This paper can be found here.
This work is done using PyTorch 1.4.0 .
The datasets used for MNIST iid, MNIST non-iid, CIFAR-10 and Shakespeare can be downloaded using the python code in the data
folder.
To better distinguish MNIST iid from MNIST non-iid, these two datasets are respectively called MNIST-iid
and MNIST-shard
.
More details in the paper about how the datasets are built.
In variables
are saved the initial models used for the comparisons between free-riding and federated learning for each dataset:
model_MNIST_0.pth
for MNIST-iid and MNIST non-iid, model_CIFAR-10_0.pth
for CIFAR-10, and model_shakespeare_0.pth
for Shakespeare.
Since the computation of Figures 1 and 2 requires many experiemnts to be performed, we propose simple_experiment.sh
computing a plot for FedAvg, MNIST-iid, 5 epochs and 300 iterations. This code runs three experiments: FedAvg with fair clients, one plain freerider, and one disguised freerider for plots
as simple_experiment.png
.
free-riding.py
is the code needed to run the experiments needed for the paper's plots with one or many free-riders (5 and 45 in the paper). The code take as input eight arguments in the following order:
-
algo
: the federated learning algorithm used. Either the string "FedAvg" or "FedProx". -
dataset
: the federated learning dataset used for the experiment. Either the string “MNIST-iid”, “MNIST-shard”, "CIFAR-10" or “shakespeare”. -
epochs
: the number of epochs run by the fair clients at each iteration.
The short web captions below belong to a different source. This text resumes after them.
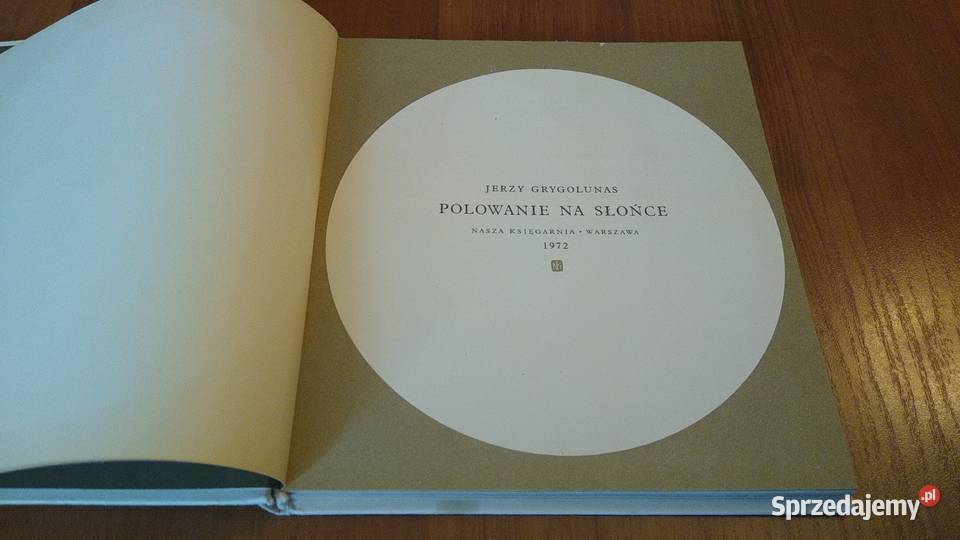 Polowanie na słońce Jerzy Grygolunas Rok wydania 1972 Gdańsk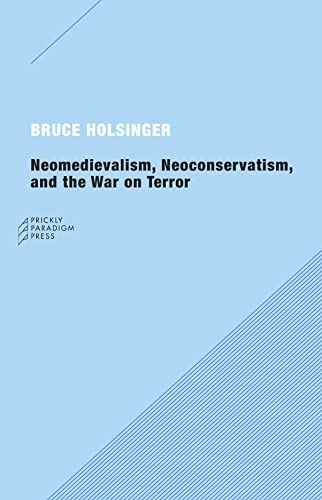 9780976147596: Neomedievalism, Neoconservatism and the War on Terror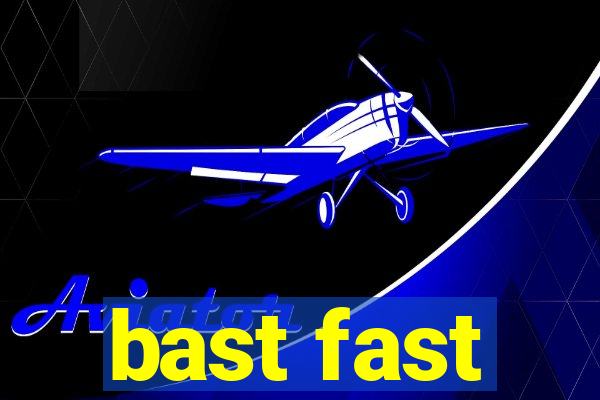 bast fast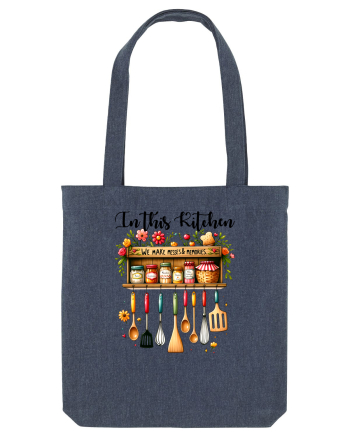 pentru pasiune culinară - In this kitchen we make messes and memories Midnight Blue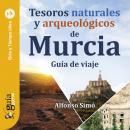 GuíaBurros: Tesoros naturales y arqueológicos de Murcia: Guía de viaje Audiobook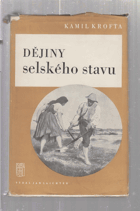 Dějiny selského stavu - přehled dějin selského stavu v Čechách a na Moravě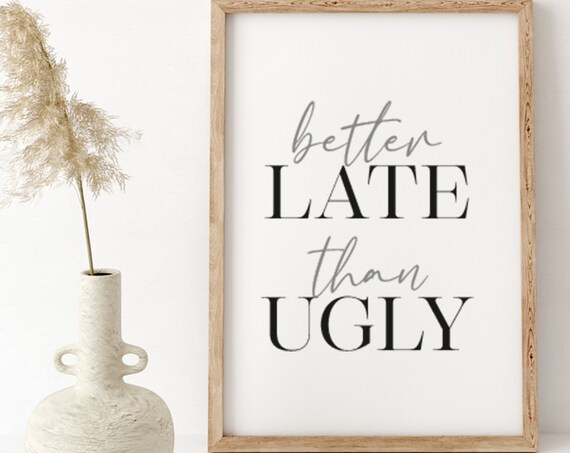 Funny Bathroom Wooden Sign Bathroom Wood Decor Bathroom Decor Gift For Her Better Late Than Ugly Bathroom Wall Art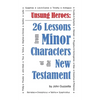 Unsung Heroes: 26 Lessons from Minor Characters of the New Testament - Paperback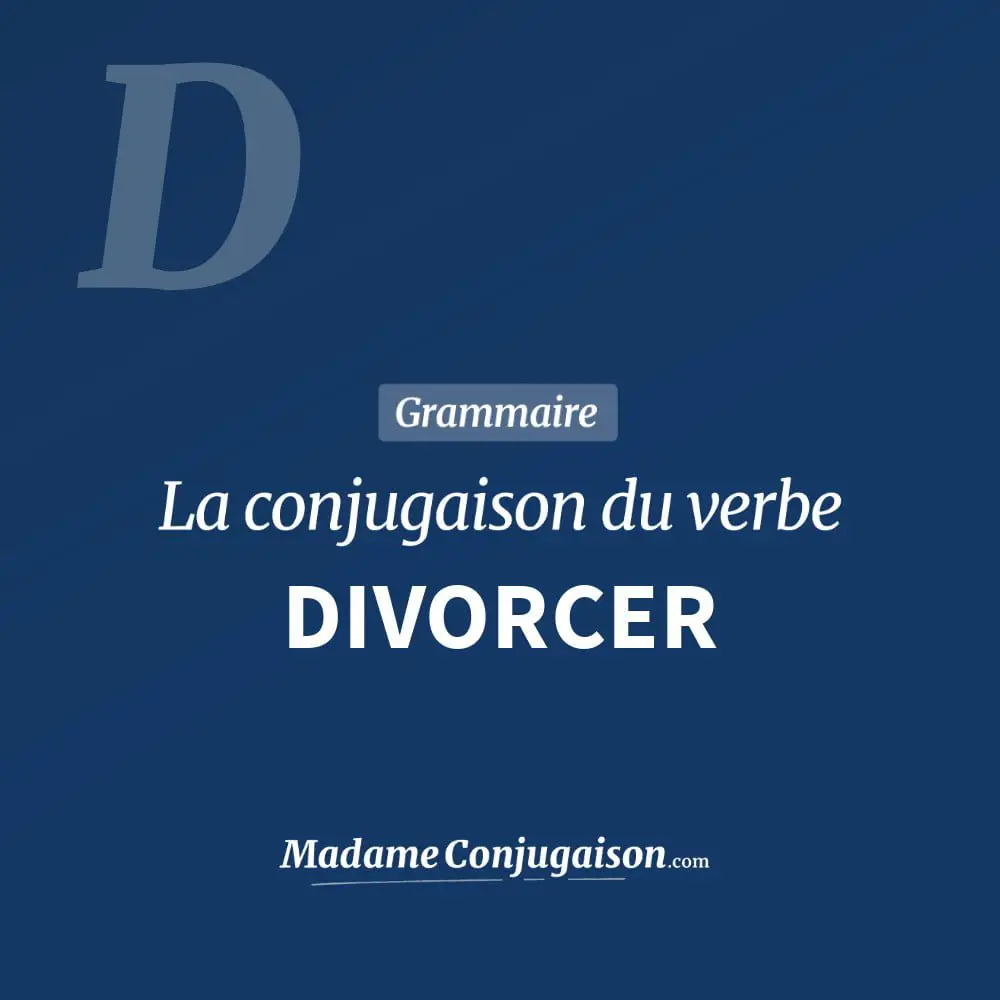 Conjugaison du verbe divorcer. Toute la conjugaison française de divorcer conjugué à tous les modes : indicatif - participé passé - subjonctif. Table de conjugaison du verbe divorcer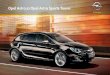 Opel Astra ja Opel Astra Sports Tourer · PDF fileCosmo Opel Astra Cosmo Opel Astran mukavuuden ja tyylin ilmentymä. Hienostunut ja elegantti Opel Astra Cosmo tuo tyyliä ja ylellisyyttä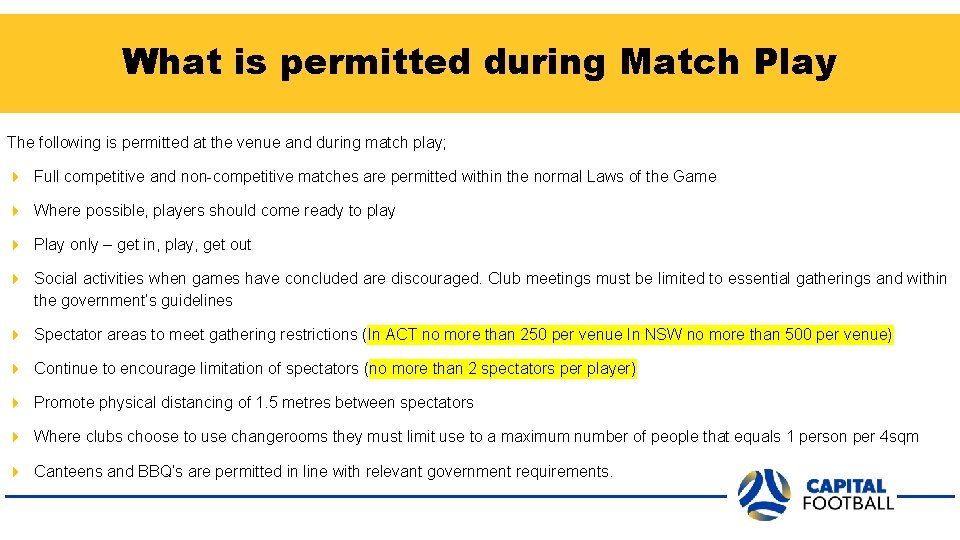 What is permitted during Match Play The following is permitted at the venue and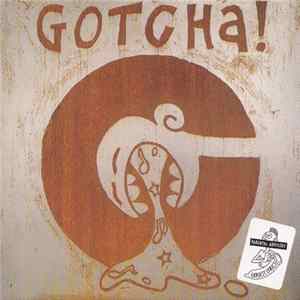 Gotcha! - Words And Music From Da Lowlands Mp3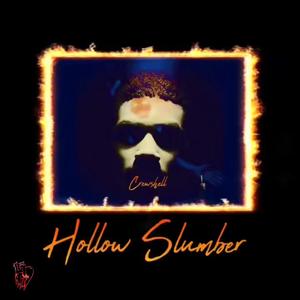 Hollow Slumber (feat. Crewshell)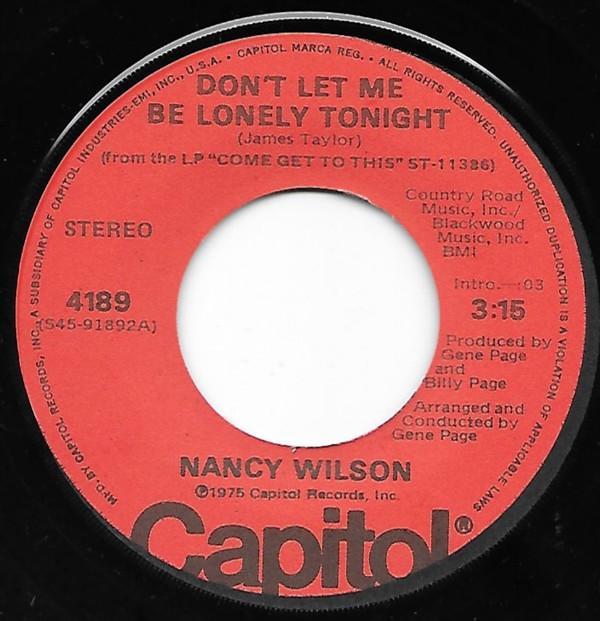 Nancy Wilson - Don't Let Me Be Lonely Tonight / Happy Tears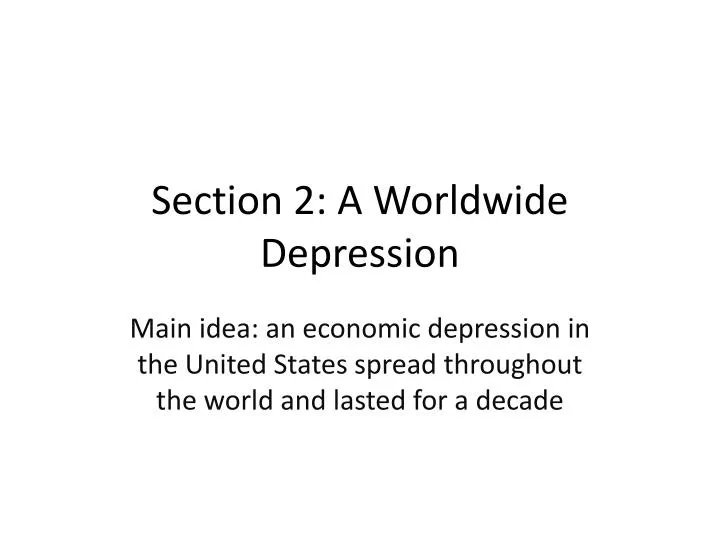 section 2 a worldwide depression n.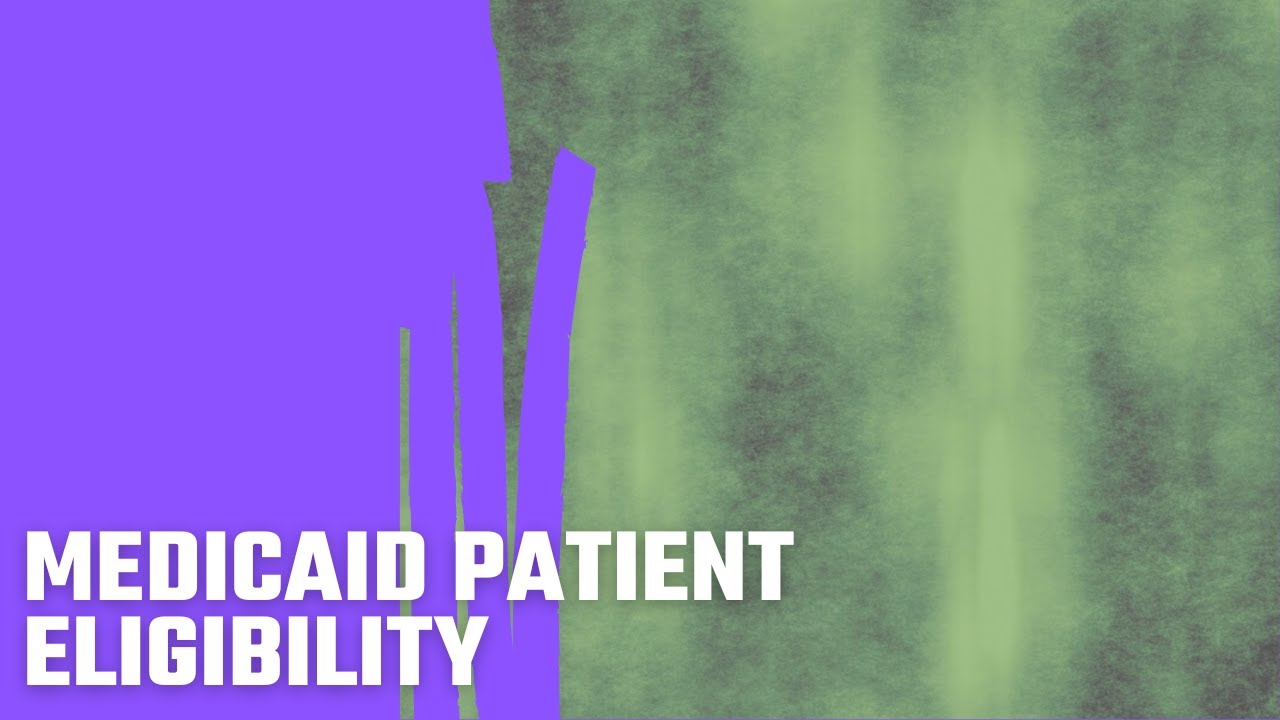 Medicaid Patient Eligibility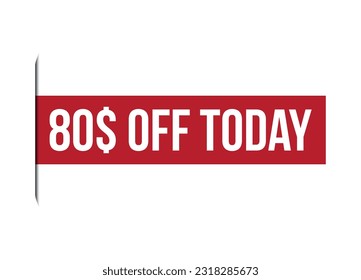special offer 80$ off today red banner design vector illustration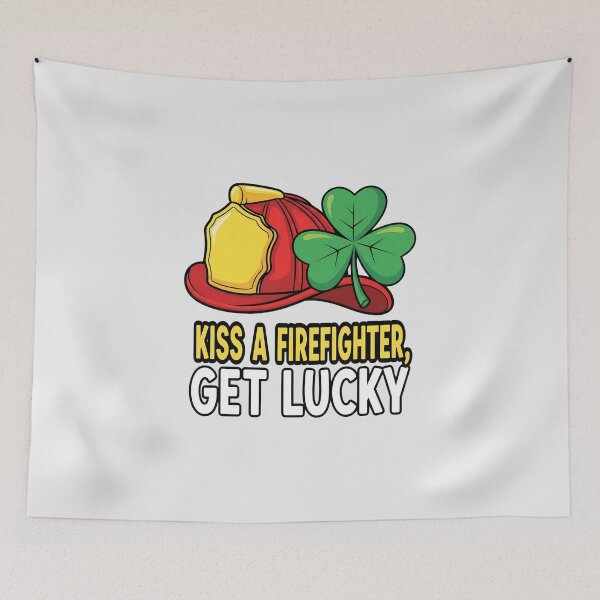 Item preview, Kiss a Firefighter, Get Lucky designed and sold by musthavewords.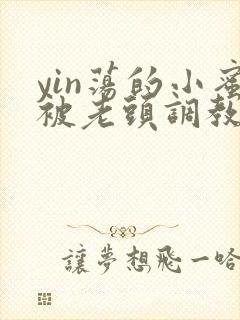 yin荡的小蜜被老头调教小说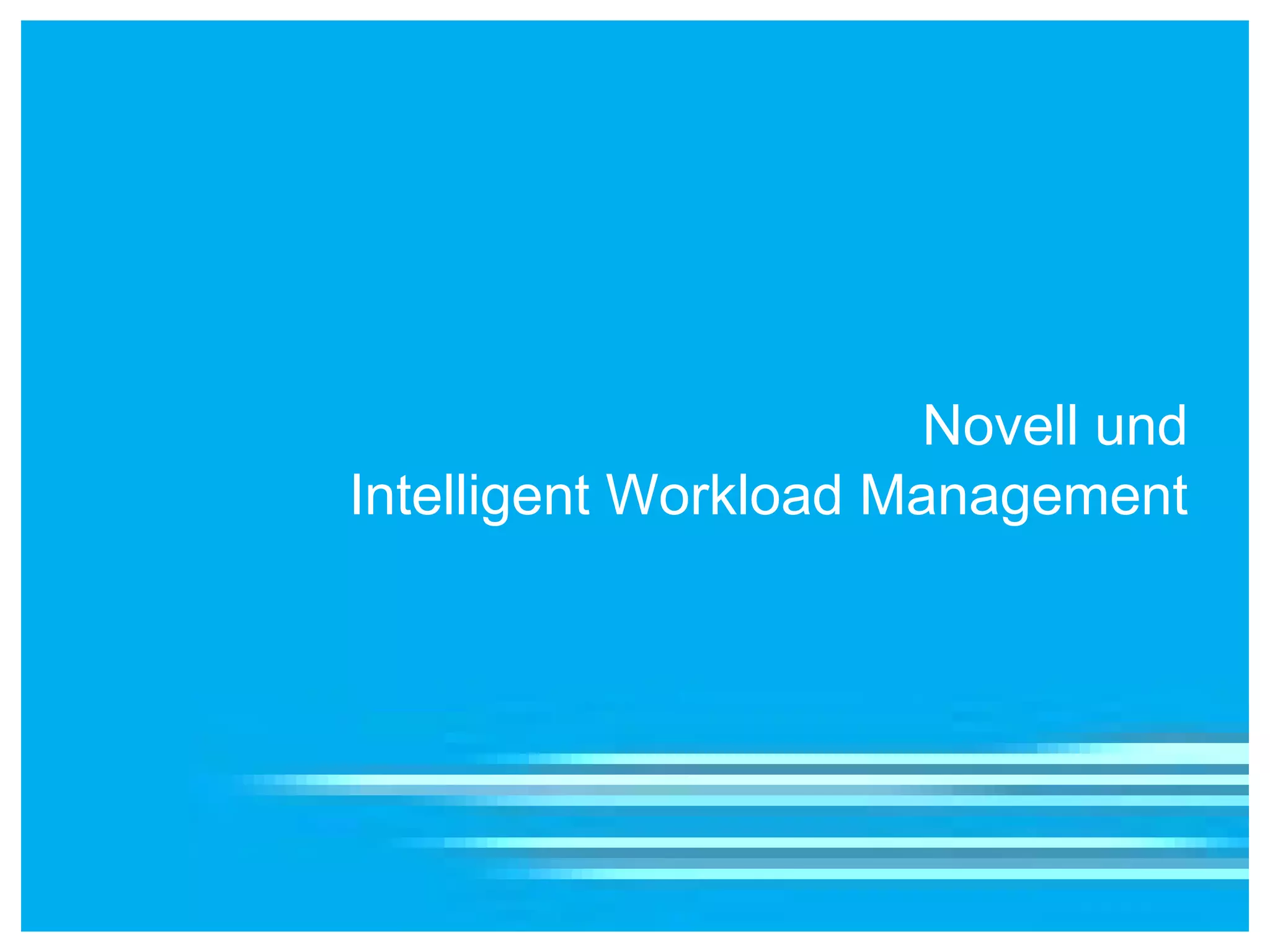 Novell und
Intelligent Workload Management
Only 5 and 20 are used in the paper. -
experiment type
. The string “FL” to run federated learning with no attackers and the dataset saved initial model, “plain” to run plain free-riding, “disguised” to run disguised free-riding, or “manyXX” to run federated learning with a random initialization where XX is the experiment number. In our paper, XX ranges from 0 to 29. -
coef
: the scalar multiplying the standard deviation obtained with the paper's heuristic. 1 and 3 used in the paper. -
power
: the$\gamma$ in$\varphi(t)$ . 0.5, 1 or 2 used for the paper experiments. -
n_freeriders
. Number of free-riders used for the experiment. In the paper we use 1, 5 or 45. -
redo
: Boolean needed to rerun an experiment.
coef
and power
are only taken into account if experiment_type
has "disguised" as an input. These fields still need to be filled for any other experiment_type
but will not be taken into account.
Each experiment saves the loss and the accuracy history in respectively hist/acc
and hist/loss
, the model at the end of the training in saved_models/final
, and the history of the global model at every iteration in saved_models/hist
.
In txt_to_run_experiments
, the code generate_txt_files_experiments.py
creates, once run, experiments.txt
including at each row the info of an experiment to parse as an input to free-riding.py
.
Figure 1, Figure 2 and their annexes' derivatives are obtained with get_figs.py
. These code will run without error only if all the simulations with parameters in experiments.txt
are run.